WORK TO COMPLETE: Copy whichever lines of the data hold the word "FORMAÇÃO".

━━━ RECORDS FOR THE TASK ━━━

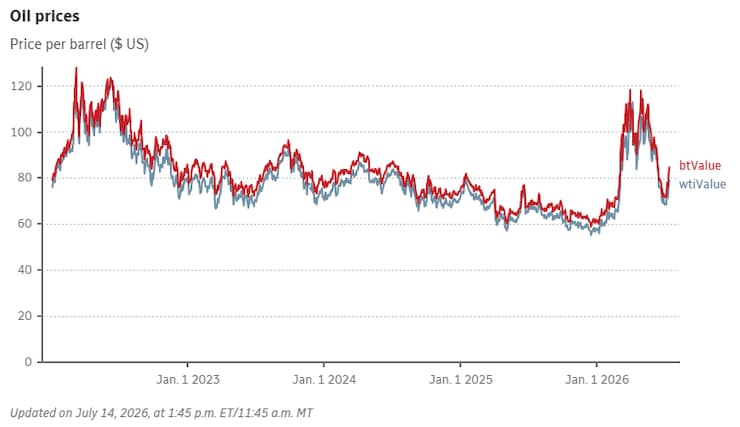 Oil rises to 4-week highs as conflict in Iran escalates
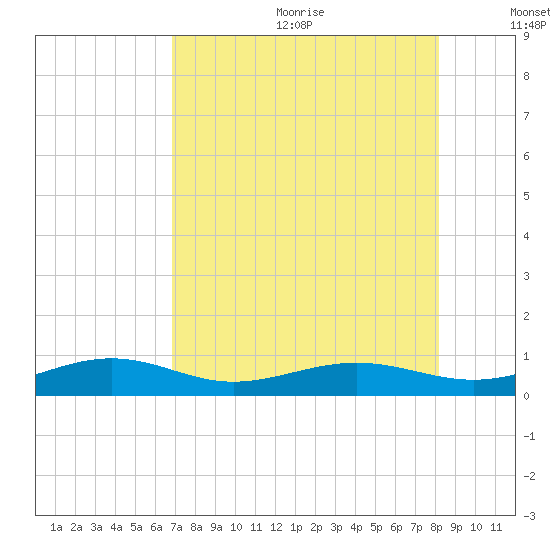 No Name Key tide chart for Wednesday, July 30, 2025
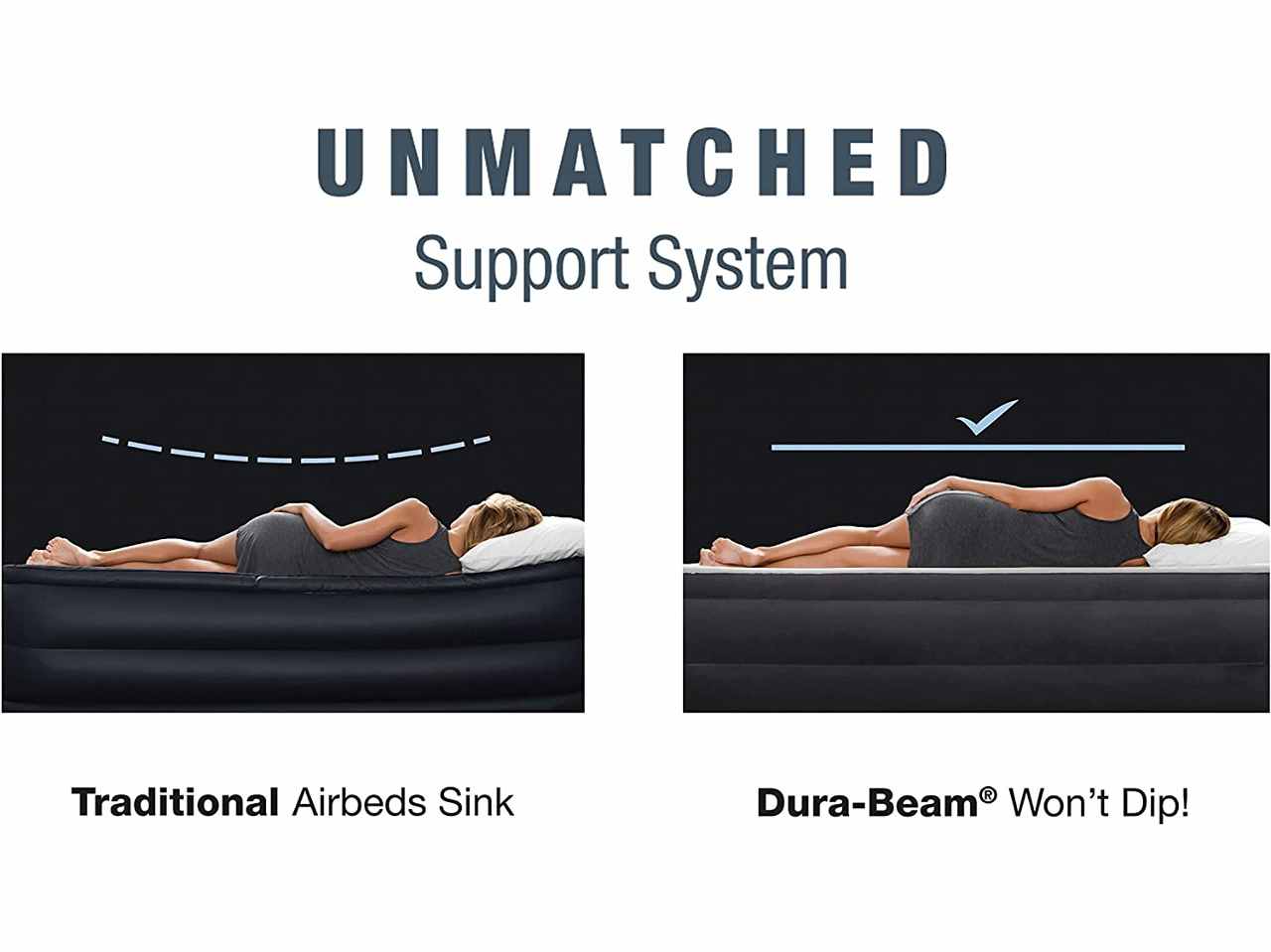 Materasso singolo comfort plush elevated dura beam tecnologia fiber tech 99x191x46cm $
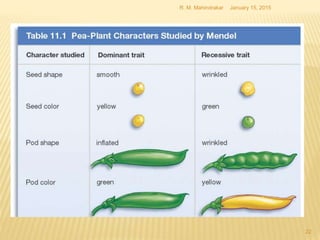 January 15, 2015R. M. Mahindrakar
22
 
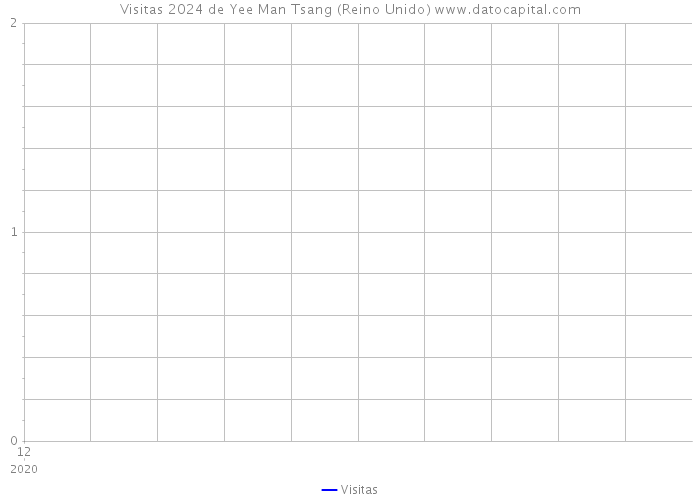 Visitas 2024 de Yee Man Tsang (Reino Unido) 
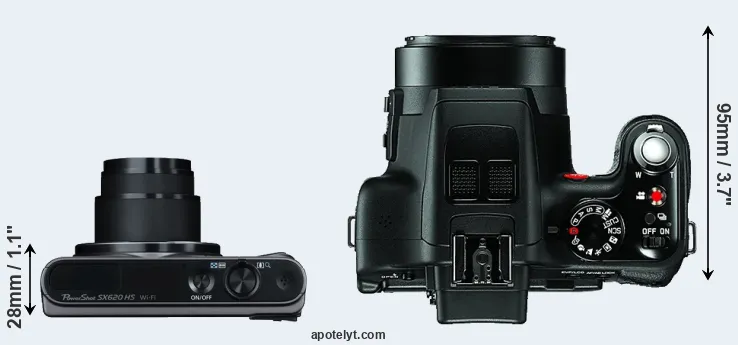 Compare SX620 versus V-LUX 3 top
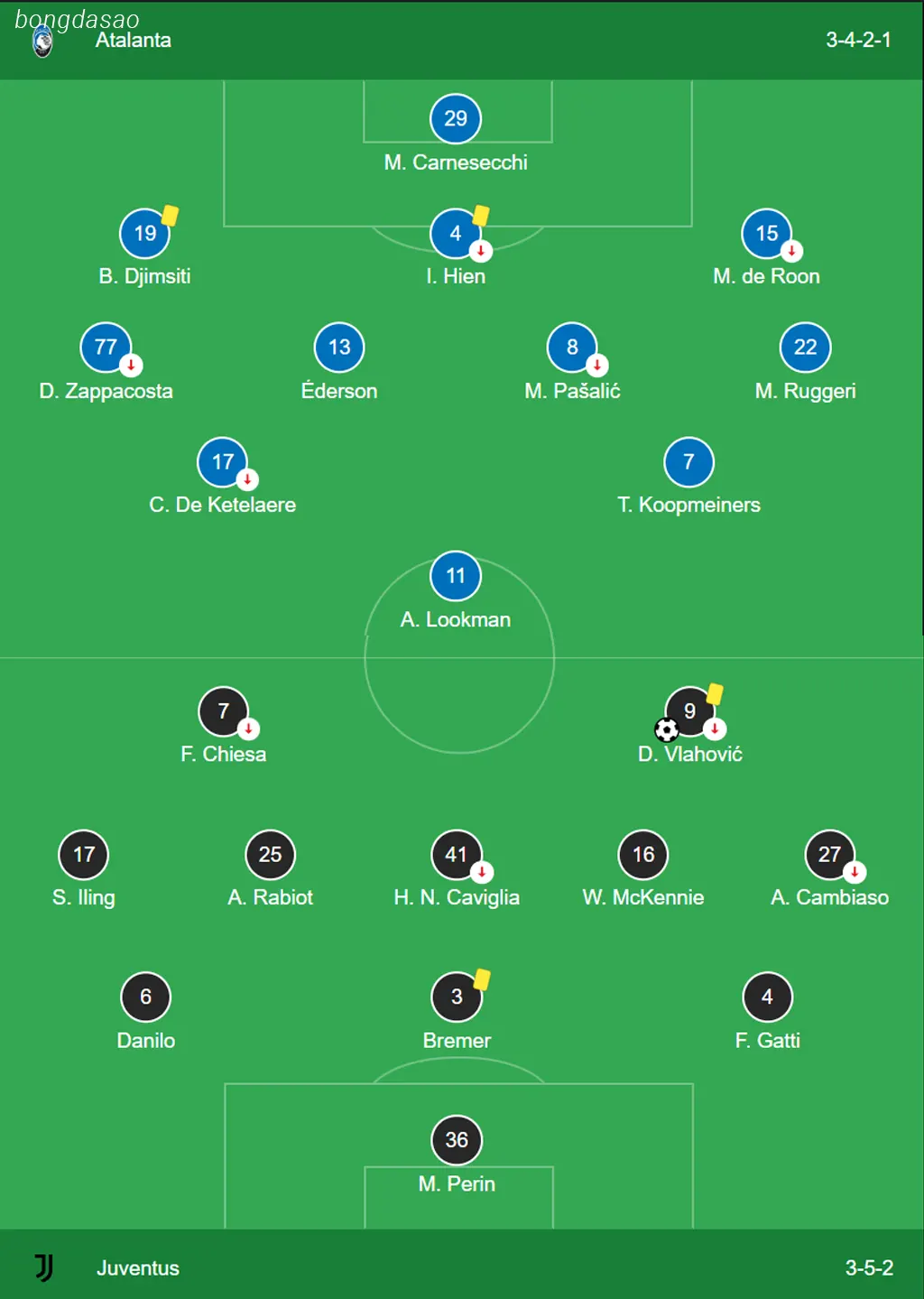 Kết quả bóng đá 16/05: Atalanta vs Juventus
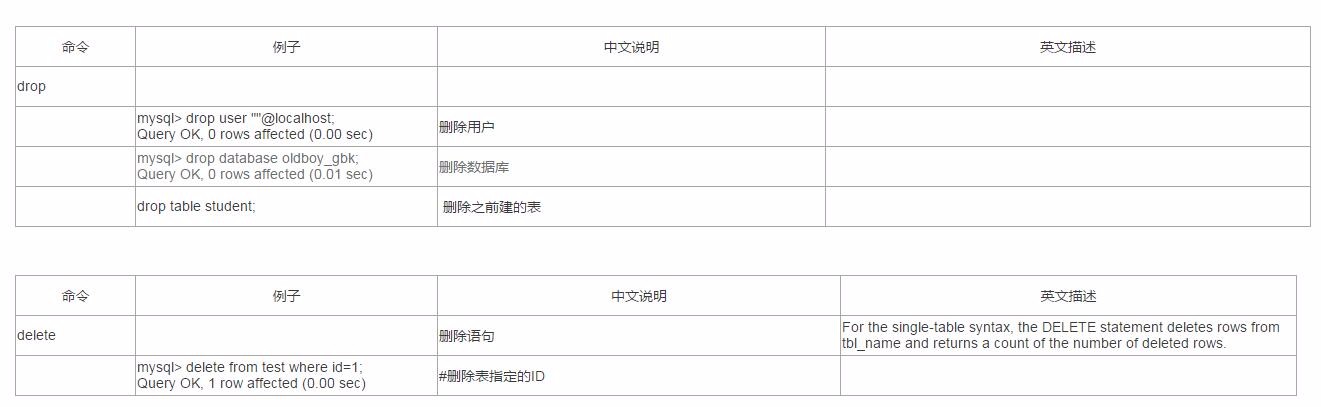 MySQL常用命令汇总及用法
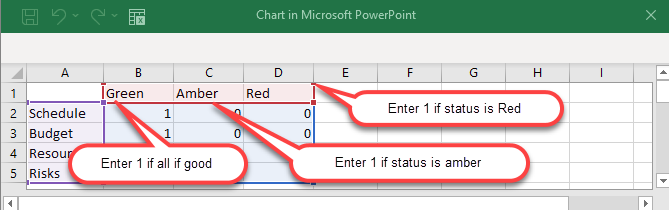 Multiple Project PowerPoint Timeline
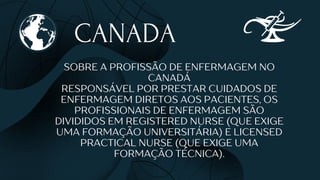 CANADA
SOBRE A PROFISSÃO DE ENFERMAGEM NO
CANADÁ
RESPONSÁVEL POR PRESTAR CUIDADOS DE
ENFERMAGEM DIRETOS AOS PACIENTES, OS
PROFISSIONAIS DE ENFERMAGEM SÃO
DIVIDIDOS EM REGISTERED NURSE (QUE EXIGE
UMA FORMAÇÃO UNIVERSITÁRIA) E LICENSED
PRACTICAL NURSE (QUE EXIGE UMA
FORMAÇÃO TÉCNICA).
 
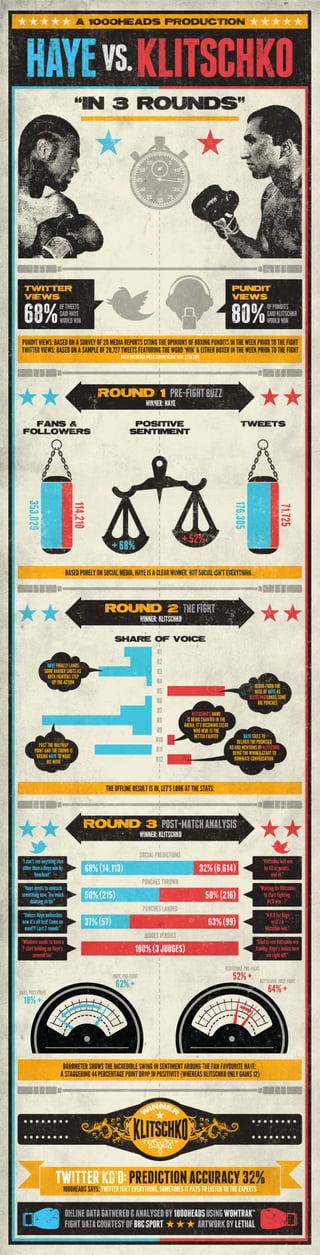 Haye v Klitschko: The Infographic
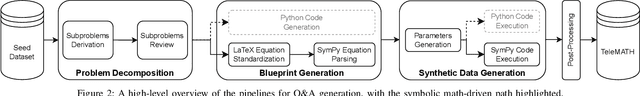Figure 2 for TeleMath: A Benchmark for Large Language Models in Telecom Mathematical Problem Solving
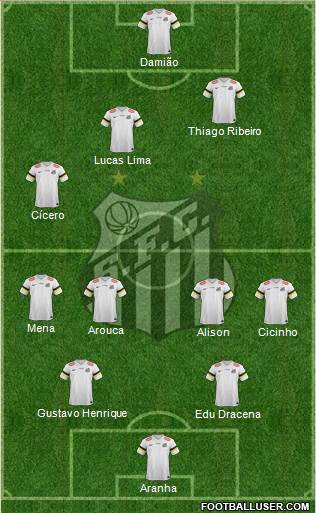 Santos FC Formation 2014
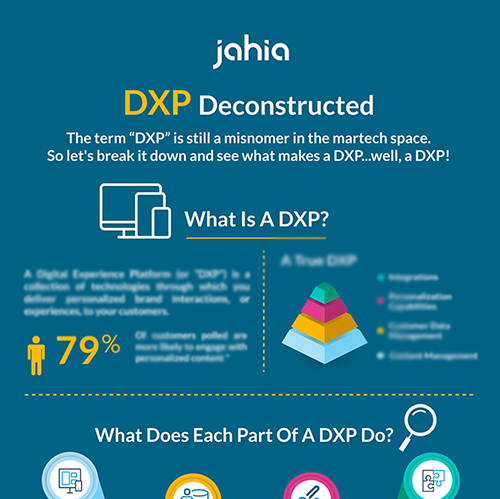 DXP Deconstructed Infographic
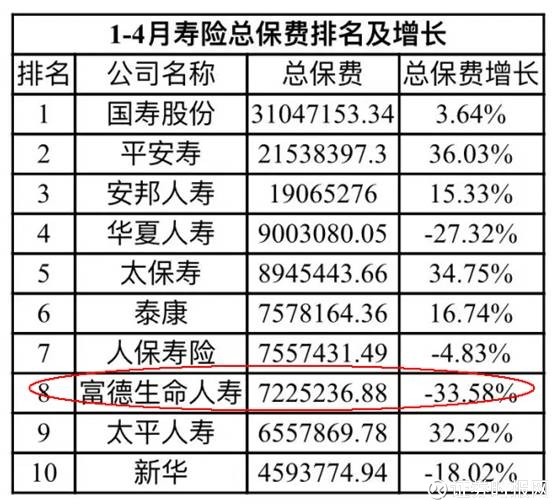 采保费_直接保费收入(3)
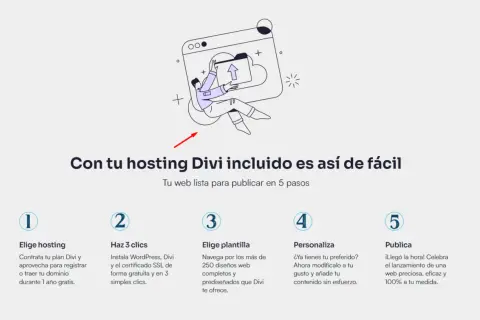 Ilustración de un proceso de 5 pasos para crear una web, con el texto "Con tu hosting Divi incluido es así de fácil".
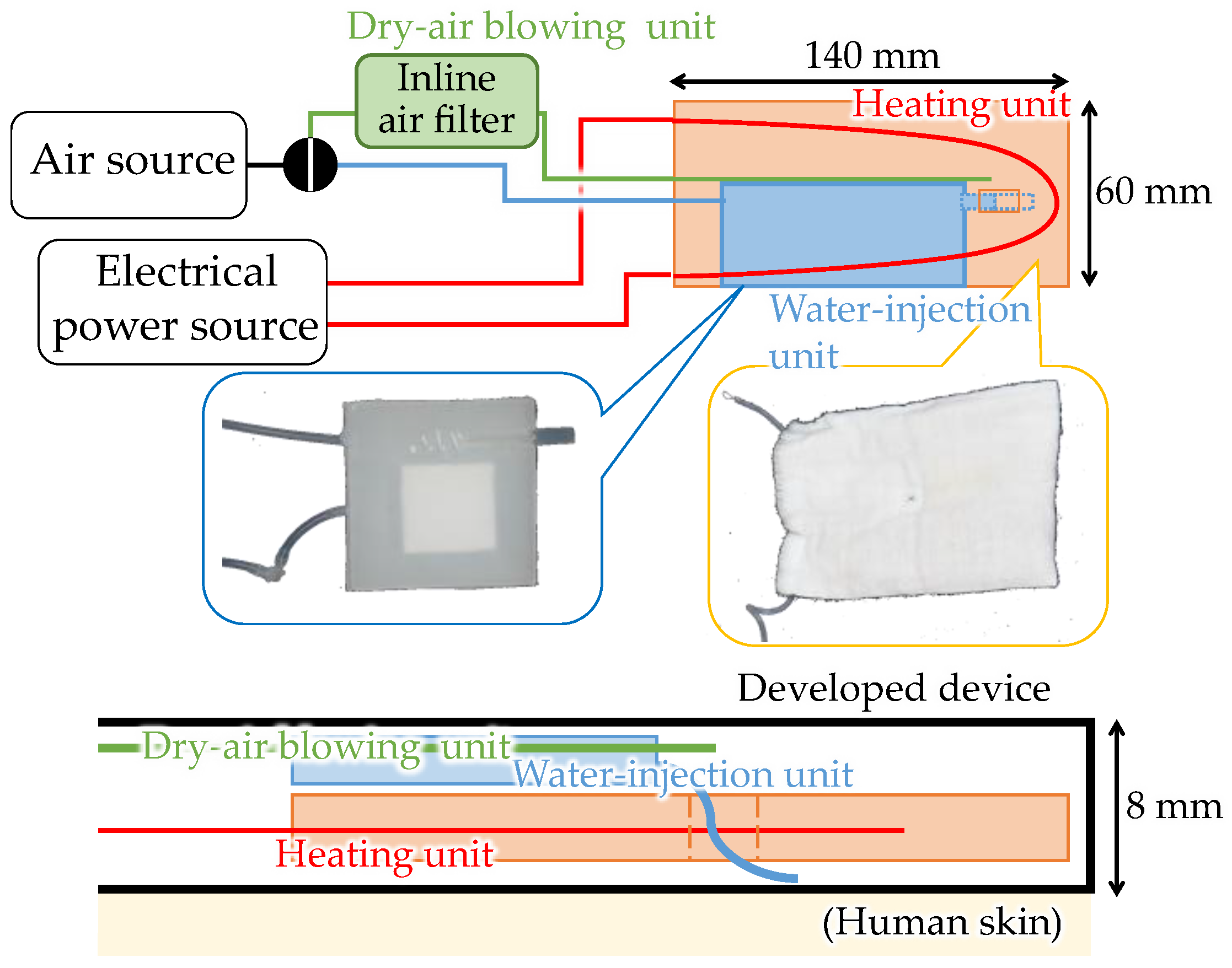 Applsci 13 08352 g002 Applsci 13 08352 g002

━━━

REPLY TO THE TASK:
UMA FORMAÇÃO UNIVERSITÁRIA) E LICENSED
FORMAÇÃO TÉCNICA).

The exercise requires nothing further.